Reproduce all entries word for word.

BEGIN Input data

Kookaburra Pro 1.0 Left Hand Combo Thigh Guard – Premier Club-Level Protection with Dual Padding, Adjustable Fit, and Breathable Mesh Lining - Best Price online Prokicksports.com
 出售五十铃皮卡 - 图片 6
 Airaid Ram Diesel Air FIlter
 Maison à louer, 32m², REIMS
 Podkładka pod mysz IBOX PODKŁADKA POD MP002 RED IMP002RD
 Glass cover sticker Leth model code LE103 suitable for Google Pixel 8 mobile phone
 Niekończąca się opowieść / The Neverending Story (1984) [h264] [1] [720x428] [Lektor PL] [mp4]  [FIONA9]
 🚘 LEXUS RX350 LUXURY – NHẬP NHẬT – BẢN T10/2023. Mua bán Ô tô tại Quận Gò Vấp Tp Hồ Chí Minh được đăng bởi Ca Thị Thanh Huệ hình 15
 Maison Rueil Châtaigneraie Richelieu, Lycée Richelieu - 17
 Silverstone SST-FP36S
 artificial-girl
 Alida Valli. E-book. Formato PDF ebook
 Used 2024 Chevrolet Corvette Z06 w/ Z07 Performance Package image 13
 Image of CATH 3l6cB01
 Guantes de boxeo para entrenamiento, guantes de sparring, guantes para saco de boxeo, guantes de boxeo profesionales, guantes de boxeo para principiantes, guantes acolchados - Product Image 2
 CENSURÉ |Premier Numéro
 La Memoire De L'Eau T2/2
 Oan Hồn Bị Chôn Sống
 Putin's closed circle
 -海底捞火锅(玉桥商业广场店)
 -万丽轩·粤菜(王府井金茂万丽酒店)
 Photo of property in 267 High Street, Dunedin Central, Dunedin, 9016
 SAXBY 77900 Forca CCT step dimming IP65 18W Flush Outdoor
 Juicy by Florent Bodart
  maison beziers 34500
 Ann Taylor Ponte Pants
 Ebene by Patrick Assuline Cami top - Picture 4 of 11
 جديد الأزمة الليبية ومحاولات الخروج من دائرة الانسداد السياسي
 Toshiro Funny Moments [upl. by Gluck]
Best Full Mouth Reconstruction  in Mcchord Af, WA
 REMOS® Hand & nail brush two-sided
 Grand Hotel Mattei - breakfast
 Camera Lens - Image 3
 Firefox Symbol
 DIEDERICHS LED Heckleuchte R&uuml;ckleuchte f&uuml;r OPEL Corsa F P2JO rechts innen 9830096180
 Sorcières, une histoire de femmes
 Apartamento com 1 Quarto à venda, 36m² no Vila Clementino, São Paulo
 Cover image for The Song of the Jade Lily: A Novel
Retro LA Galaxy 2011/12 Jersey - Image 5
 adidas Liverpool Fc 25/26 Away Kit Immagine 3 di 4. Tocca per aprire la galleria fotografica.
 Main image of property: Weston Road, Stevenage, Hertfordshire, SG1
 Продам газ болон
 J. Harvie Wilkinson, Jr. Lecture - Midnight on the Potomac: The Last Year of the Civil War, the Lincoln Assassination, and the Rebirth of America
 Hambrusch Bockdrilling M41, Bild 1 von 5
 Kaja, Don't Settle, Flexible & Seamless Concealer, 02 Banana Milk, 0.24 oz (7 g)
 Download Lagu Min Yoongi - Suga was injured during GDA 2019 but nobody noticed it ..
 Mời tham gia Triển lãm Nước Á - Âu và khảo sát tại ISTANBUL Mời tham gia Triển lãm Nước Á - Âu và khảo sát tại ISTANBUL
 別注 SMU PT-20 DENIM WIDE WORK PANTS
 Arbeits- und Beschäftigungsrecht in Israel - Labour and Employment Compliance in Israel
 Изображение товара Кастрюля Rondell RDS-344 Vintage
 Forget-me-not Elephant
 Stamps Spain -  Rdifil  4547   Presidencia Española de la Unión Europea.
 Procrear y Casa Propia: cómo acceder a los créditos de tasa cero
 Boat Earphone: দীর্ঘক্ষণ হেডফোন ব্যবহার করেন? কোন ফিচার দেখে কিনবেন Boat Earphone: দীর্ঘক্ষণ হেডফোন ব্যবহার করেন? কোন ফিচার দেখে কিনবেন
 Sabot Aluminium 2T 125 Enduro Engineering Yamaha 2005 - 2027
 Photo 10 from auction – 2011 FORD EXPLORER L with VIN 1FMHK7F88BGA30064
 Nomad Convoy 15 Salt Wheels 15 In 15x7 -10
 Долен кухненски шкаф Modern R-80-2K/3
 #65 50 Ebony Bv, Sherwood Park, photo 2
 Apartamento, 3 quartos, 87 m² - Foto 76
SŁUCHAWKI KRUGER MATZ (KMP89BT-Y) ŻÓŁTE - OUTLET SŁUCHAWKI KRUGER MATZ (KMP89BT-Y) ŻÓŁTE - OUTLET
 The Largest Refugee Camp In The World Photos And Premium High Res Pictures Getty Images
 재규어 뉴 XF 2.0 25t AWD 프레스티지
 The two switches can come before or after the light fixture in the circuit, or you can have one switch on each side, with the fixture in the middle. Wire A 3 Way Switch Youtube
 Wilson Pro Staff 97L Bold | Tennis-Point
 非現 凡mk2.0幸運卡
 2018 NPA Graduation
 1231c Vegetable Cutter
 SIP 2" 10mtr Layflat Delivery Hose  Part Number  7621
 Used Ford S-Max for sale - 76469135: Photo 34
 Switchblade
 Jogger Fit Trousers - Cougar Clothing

END Input data

Response to the task:
Kookaburra Pro 1.0 Left Hand Combo Thigh Guard – Premier Club-Level Protection with Dual Padding, Adjustable Fit, and Breathable Mesh Lining - Best Price online Prokicksports.com
 出售五十铃皮卡 - 图片 6
 Airaid Ram Diesel Air FIlter
 Maison à louer, 32m², REIMS
 Podkładka pod mysz IBOX PODKŁADKA POD MP002 RED IMP002RD
 Glass cover sticker Leth model code LE103 suitable for Google Pixel 8 mobile phone
 Niekończąca się opowieść / The Neverending Story (1984) [h264] [1] [720x428] [Lektor PL] [mp4]  [FIONA9]
 🚘 LEXUS RX350 LUXURY – NHẬP NHẬT – BẢN T10/2023. Mua bán Ô tô tại Quận Gò Vấp Tp Hồ Chí Minh được đăng bởi Ca Thị Thanh Huệ hình 15
 Maison Rueil Châtaigneraie Richelieu, Lycée Richelieu - 17
 Silverstone SST-FP36S
 artificial-girl
 Alida Valli. E-book. Formato PDF ebook
 Used 2024 Chevrolet Corvette Z06 w/ Z07 Performance Package image 13
 Image of CATH 3l6cB01
 Guantes de boxeo para entrenamiento, guantes de sparring, guantes para saco de boxeo, guantes de boxeo profesionales, guantes de boxeo para principiantes, guantes acolchados - Product Image 2
 CENSURÉ |Premier Numéro
 La Memoire De L'Eau T2/2
 Oan Hồn Bị Chôn Sống
 Putin's closed circle
 -海底捞火锅(玉桥商业广场店)
 -万丽轩·粤菜(王府井金茂万丽酒店)
 Photo of property in 267 High Street, Dunedin Central, Dunedin, 9016
 SAXBY 77900 Forca CCT step dimming IP65 18W Flush Outdoor
 Juicy by Florent Bodart
  maison beziers 34500
 Ann Taylor Ponte Pants
 Ebene by Patrick Assuline Cami top - Picture 4 of 11
 جديد الأزمة الليبية ومحاولات الخروج من دائرة الانسداد السياسي
 Toshiro Funny Moments [upl. by Gluck]
Best Full Mouth Reconstruction  in Mcchord Af, WA
 REMOS® Hand & nail brush two-sided
 Grand Hotel Mattei - breakfast
 Camera Lens - Image 3
 Firefox Symbol
 DIEDERICHS LED Heckleuchte R&uuml;ckleuchte f&uuml;r OPEL Corsa F P2JO rechts innen 9830096180
 Sorcières, une histoire de femmes
 Apartamento com 1 Quarto à venda, 36m² no Vila Clementino, São Paulo
 Cover image for The Song of the Jade Lily: A Novel
Retro LA Galaxy 2011/12 Jersey - Image 5
 adidas Liverpool Fc 25/26 Away Kit Immagine 3 di 4. Tocca per aprire la galleria fotografica.
 Main image of property: Weston Road, Stevenage, Hertfordshire, SG1
 Продам газ болон
 J. Harvie Wilkinson, Jr. Lecture - Midnight on the Potomac: The Last Year of the Civil War, the Lincoln Assassination, and the Rebirth of America
 Hambrusch Bockdrilling M41, Bild 1 von 5
 Kaja, Don't Settle, Flexible & Seamless Concealer, 02 Banana Milk, 0.24 oz (7 g)
 Download Lagu Min Yoongi - Suga was injured during GDA 2019 but nobody noticed it ..
 Mời tham gia Triển lãm Nước Á - Âu và khảo sát tại ISTANBUL Mời tham gia Triển lãm Nước Á - Âu và khảo sát tại ISTANBUL
 別注 SMU PT-20 DENIM WIDE WORK PANTS
 Arbeits- und Beschäftigungsrecht in Israel - Labour and Employment Compliance in Israel
 Изображение товара Кастрюля Rondell RDS-344 Vintage
 Forget-me-not Elephant
 Stamps Spain -  Rdifil  4547   Presidencia Española de la Unión Europea.
 Procrear y Casa Propia: cómo acceder a los créditos de tasa cero
 Boat Earphone: দীর্ঘক্ষণ হেডফোন ব্যবহার করেন? কোন ফিচার দেখে কিনবেন Boat Earphone: দীর্ঘক্ষণ হেডফোন ব্যবহার করেন? কোন ফিচার দেখে কিনবেন
 Sabot Aluminium 2T 125 Enduro Engineering Yamaha 2005 - 2027
 Photo 10 from auction – 2011 FORD EXPLORER L with VIN 1FMHK7F88BGA30064
 Nomad Convoy 15 Salt Wheels 15 In 15x7 -10
 Долен кухненски шкаф Modern R-80-2K/3
 #65 50 Ebony Bv, Sherwood Park, photo 2
 Apartamento, 3 quartos, 87 m² - Foto 76
SŁUCHAWKI KRUGER MATZ (KMP89BT-Y) ŻÓŁTE - OUTLET SŁUCHAWKI KRUGER MATZ (KMP89BT-Y) ŻÓŁTE - OUTLET
 The Largest Refugee Camp In The World Photos And Premium High Res Pictures Getty Images
 재규어 뉴 XF 2.0 25t AWD 프레스티지
 The two switches can come before or after the light fixture in the circuit, or you can have one switch on each side, with the fixture in the middle. Wire A 3 Way Switch Youtube
 Wilson Pro Staff 97L Bold | Tennis-Point
 非現 凡mk2.0幸運卡
 2018 NPA Graduation
 1231c Vegetable Cutter
 SIP 2" 10mtr Layflat Delivery Hose  Part Number  7621
 Used Ford S-Max for sale - 76469135: Photo 34
 Switchblade
 Jogger Fit Trousers - Cougar Clothing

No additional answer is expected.